Hearing the cry of the poor always comes at some cost.   It always forces us to acknowledge our own wealth in comparison to the one who is poor.  It puts us in a place of vulnerability where we may need to give up our own plans and agendas.  It can seem overwhelming and frightening. Sometimes it can feel like it’s just too much for us to do with the resources we feel we have available.  For the couple who brought the hotel clerk a piece of pie, the cost was probably around $3.00. (This was Idaho, not California!)  But the cost for Moses was much greater.  It is actually quite humorous to read Moses’ response to God.  It was certainly not a response of childlike delight!  Essentially, God had said to Moses, “Moses, I have heard the cry of the poor.  Now you must hear the cry of the poor, and act on their behalf.”  Moses jumped quickly to his own defense. “Oh no, Lord, not me.  Who am I that I should go to Pharoah, and bring the Israelites out of Egypt?  For one thing, I don’t know how to tell them who sent me. For another thing, they may not believe me or listen to me.  And thirdly, I’m just not eloquent.  I don’t do well standing up in front of people and talking.  I am slow of speech and slow of tongue.  I’m just not a person who can think quickly on his feet. Oh Lord, please send someone else!”

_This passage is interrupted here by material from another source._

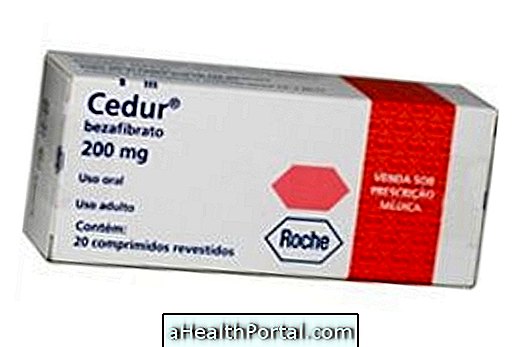 Bezafibrate (Cedur)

This is really a wonderful interchange between God and Moses.  Moses did not start out his day thinking he was going to have to hear the cries of the poor.  He thought he was simply getting dressed and going off to work.  But there in the midst of his everyday life, God came to him and gave him the great task of leading the people out of Egypt.  And what is so wonderful about the interchange is that one can sense in Moses’ excuses, that Moses, himself, had become an “anawim”–a poor one.  Moses had become one who was humble and lowly, one who had no resources of his own to get what he needed, one who had no one to depend on but God. He simply was not capable of doing what needed to be done.  It would have to be God alone working through him that would accomplish the great Exodus from Egypt.  It was Moses’ own poverty that made it possible for him to be an instrument of God.

When we take seriously the words of the blessing–I bless your ears that you may hear the cry of the poor–it will mean that we must become poor ourselves.  We would shy away from poverty and helplessness, and yet the greatest status, the greatest prestige, the greatest acclaim one can have in this life is to be an “anawim”–a person who is lowly and must depend on God alone.  “Blessed are the “anawim,” said Jesus.  “For theirs is the Kingdom of heaven.”  (Matthew 5:3.)

I bless your ears that you may hear the cry of the poor in the midst of your daily life.  I bless your ears that you may act out of the center of compassion, and know what it is to be human and fully alive.  I bless your ears that you may recognize your own poverty.  I bless your ears that hearing the cry of the poor and becoming poor yourself, you will find the Kingdom of heaven.  Amen.